* What to do:
Copy the data that appears below exactly. Drop the pictures.
Supplied records Start Marker
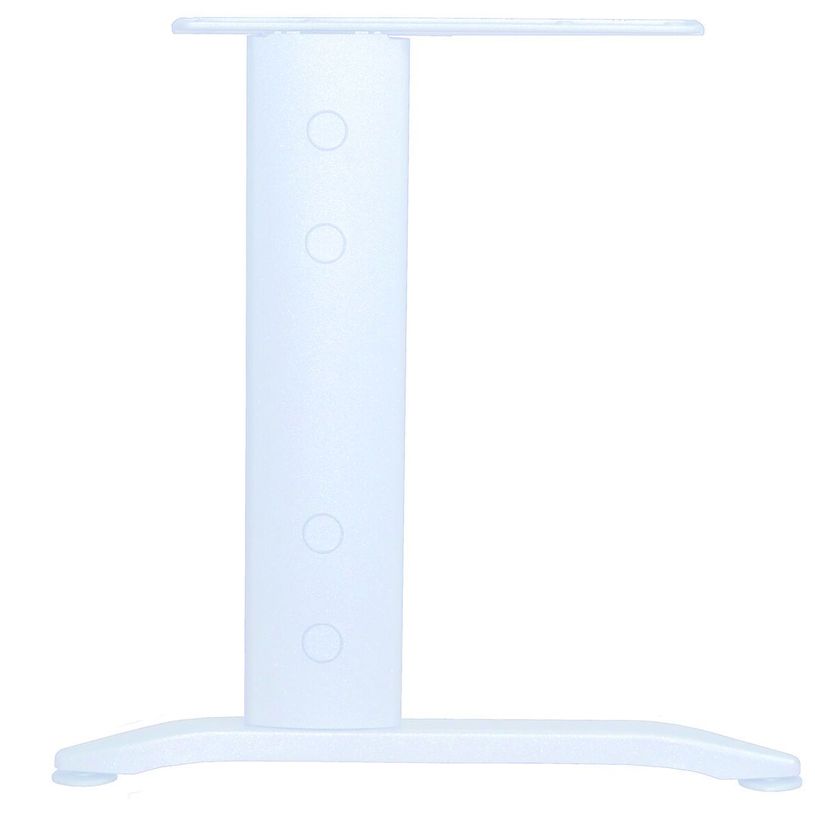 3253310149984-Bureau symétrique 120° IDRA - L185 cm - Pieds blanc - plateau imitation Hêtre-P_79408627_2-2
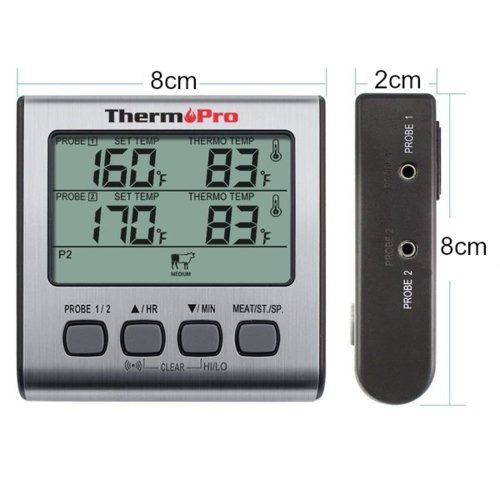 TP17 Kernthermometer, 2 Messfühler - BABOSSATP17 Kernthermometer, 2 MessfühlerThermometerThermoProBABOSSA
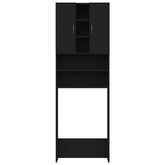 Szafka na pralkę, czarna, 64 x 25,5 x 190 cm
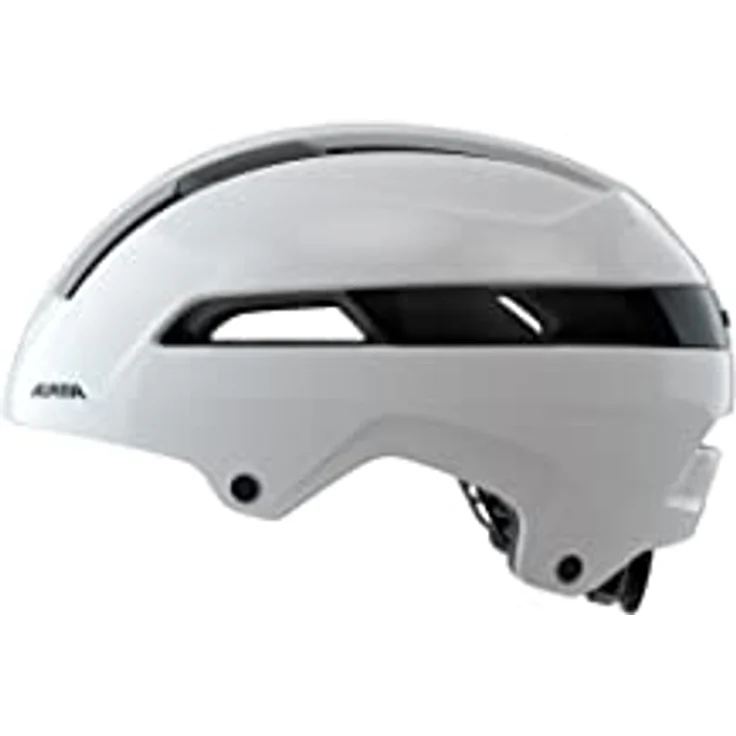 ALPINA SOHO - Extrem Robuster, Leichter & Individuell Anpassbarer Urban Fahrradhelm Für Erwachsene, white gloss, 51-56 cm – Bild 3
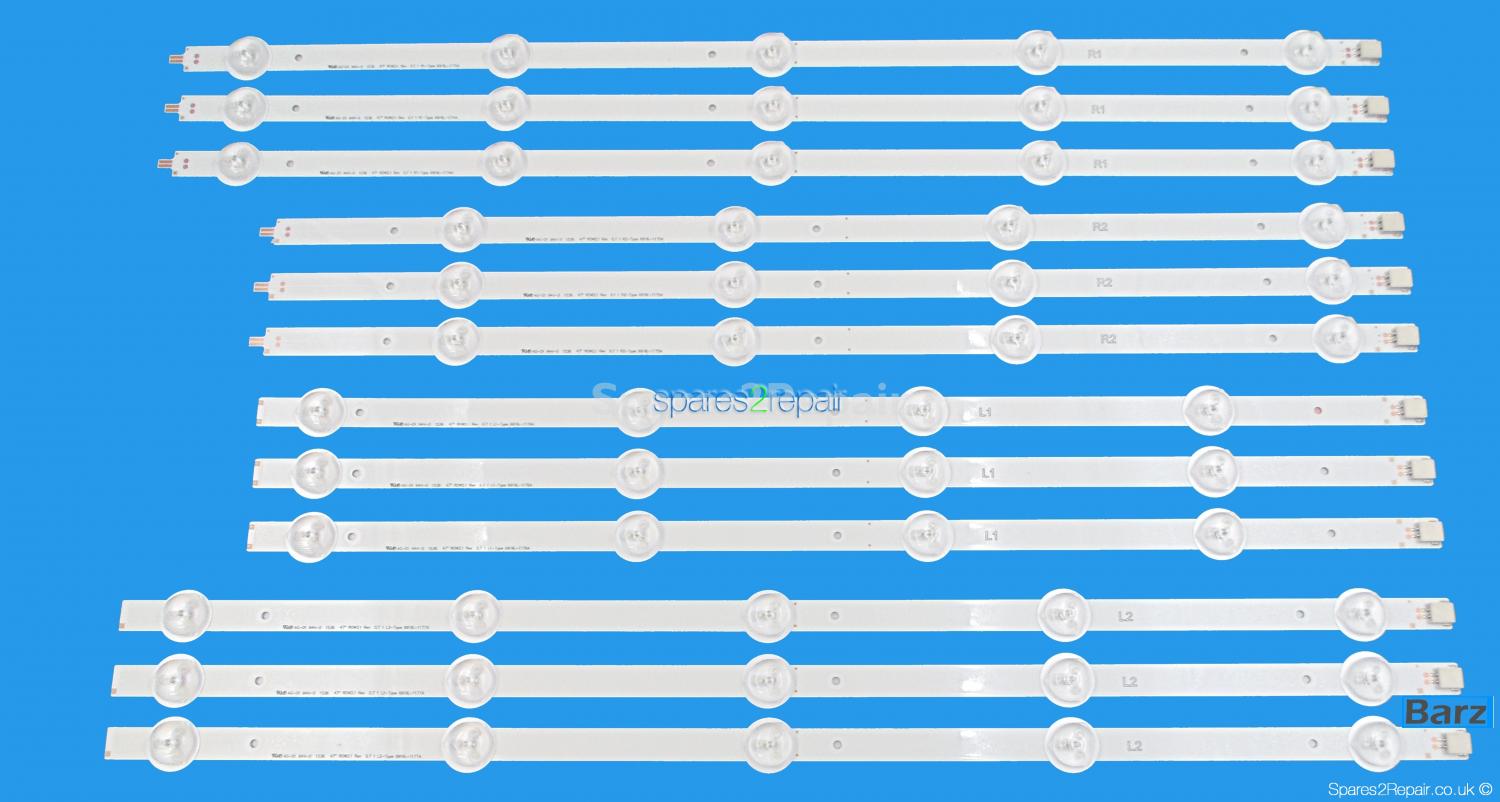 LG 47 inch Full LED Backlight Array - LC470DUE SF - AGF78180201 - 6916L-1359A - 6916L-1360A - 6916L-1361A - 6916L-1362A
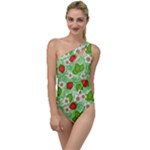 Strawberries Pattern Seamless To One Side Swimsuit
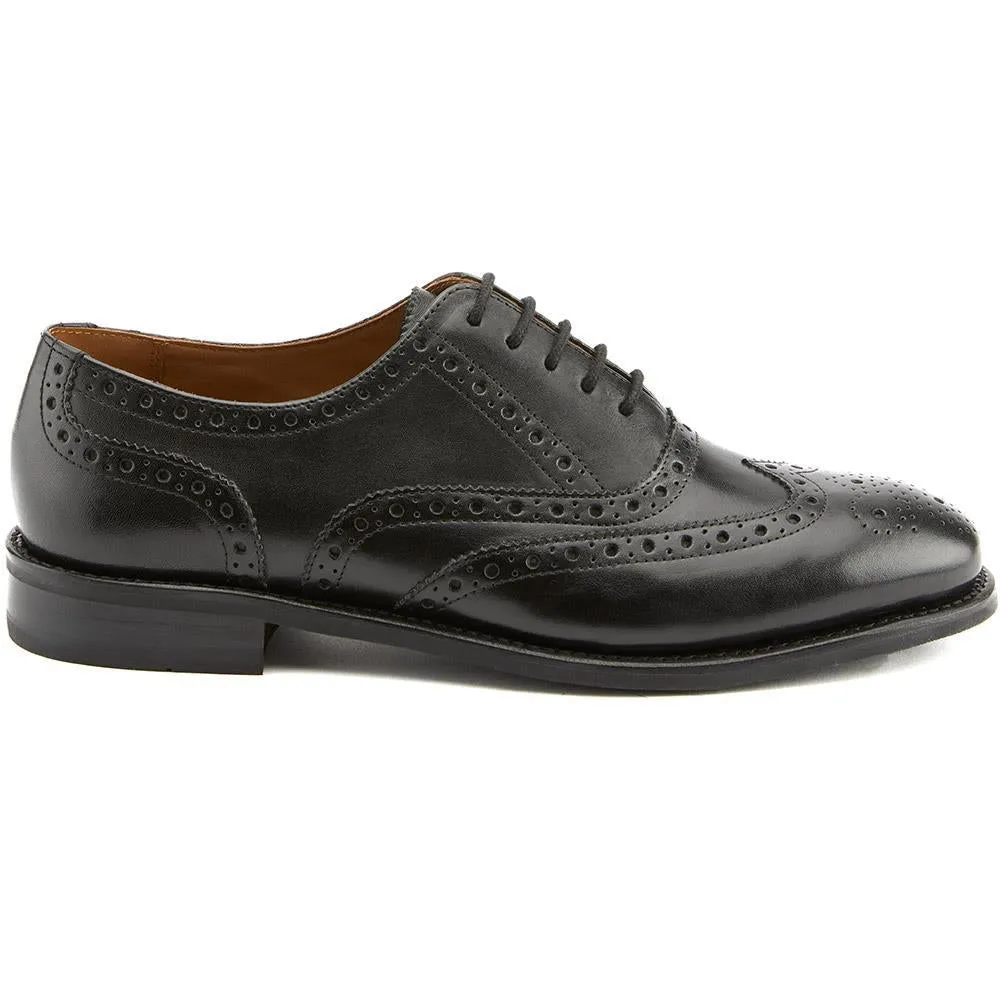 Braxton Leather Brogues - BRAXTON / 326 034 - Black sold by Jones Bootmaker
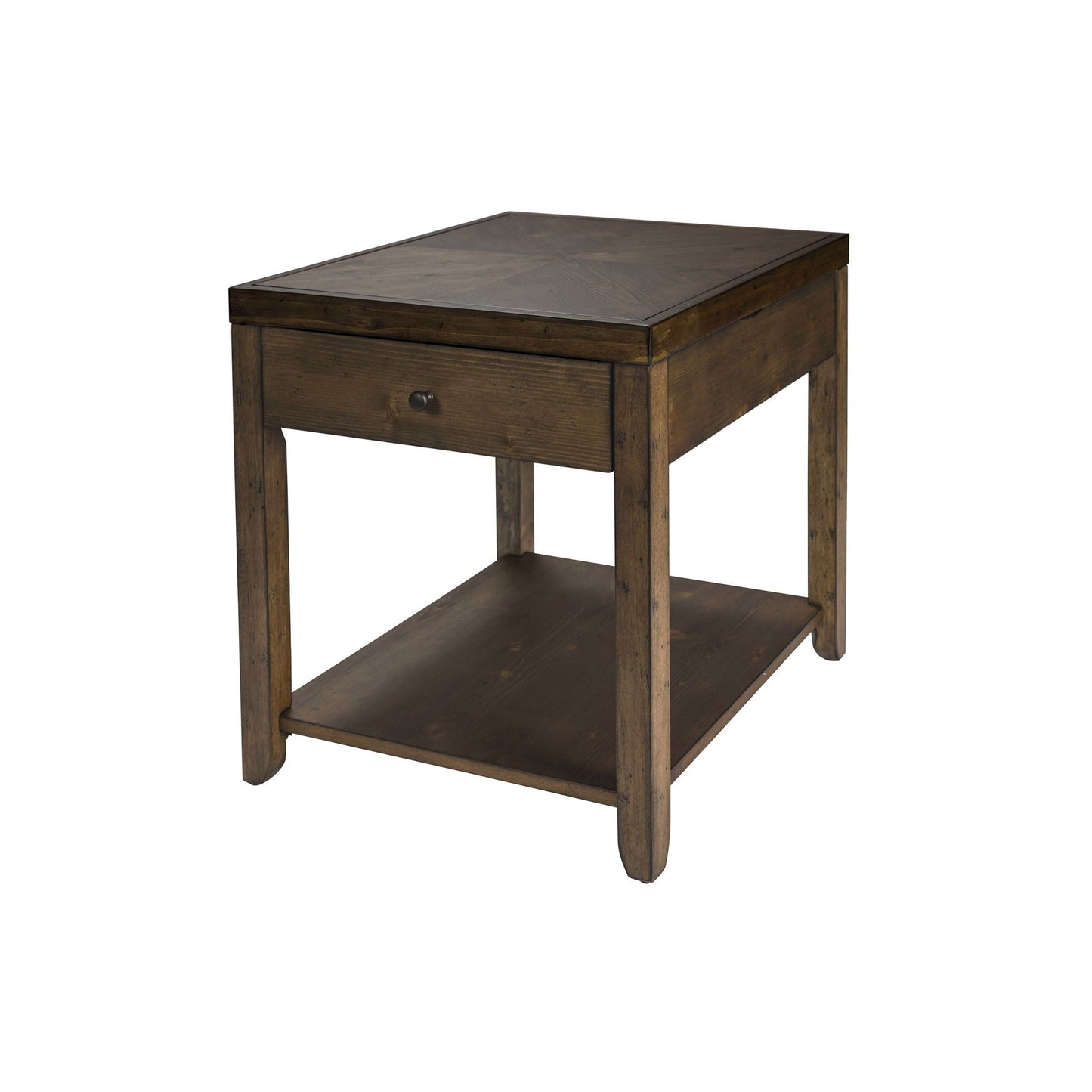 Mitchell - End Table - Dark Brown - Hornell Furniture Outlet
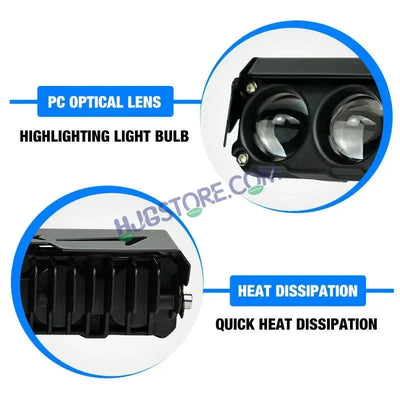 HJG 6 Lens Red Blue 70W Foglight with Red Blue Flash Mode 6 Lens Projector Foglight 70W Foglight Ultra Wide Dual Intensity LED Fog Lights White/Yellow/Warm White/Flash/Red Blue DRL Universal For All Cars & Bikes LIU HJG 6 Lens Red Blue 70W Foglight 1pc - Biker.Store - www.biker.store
Supplied records End Marker
* Task answer:
 3253310149984-Bureau symétrique 120° IDRA - L185 cm - Pieds blanc - plateau imitation Hêtre-P_79408627_2-2
 TP17 Kernthermometer, 2 Messfühler - BABOSSATP17 Kernthermometer, 2 MessfühlerThermometerThermoProBABOSSA
 Szafka na pralkę, czarna, 64 x 25,5 x 190 cm
 ALPINA SOHO - Extrem Robuster, Leichter & Individuell Anpassbarer Urban Fahrradhelm Für Erwachsene, white gloss, 51-56 cm – Bild 3
 LG 47 inch Full LED Backlight Array - LC470DUE SF - AGF78180201 - 6916L-1359A - 6916L-1360A - 6916L-1361A - 6916L-1362A
 Strawberries Pattern Seamless To One Side Swimsuit
 Braxton Leather Brogues - BRAXTON / 326 034 - Black sold by Jones Bootmaker
 Mitchell - End Table - Dark Brown - Hornell Furniture Outlet
 HJG 6 Lens Red Blue 70W Foglight with Red Blue Flash Mode 6 Lens Projector Foglight 70W Foglight Ultra Wide Dual Intensity LED Fog Lights White/Yellow/Warm White/Flash/Red Blue DRL Universal For All Cars & Bikes LIU HJG 6 Lens Red Blue 70W Foglight 1pc - Biker.Store - www.biker.store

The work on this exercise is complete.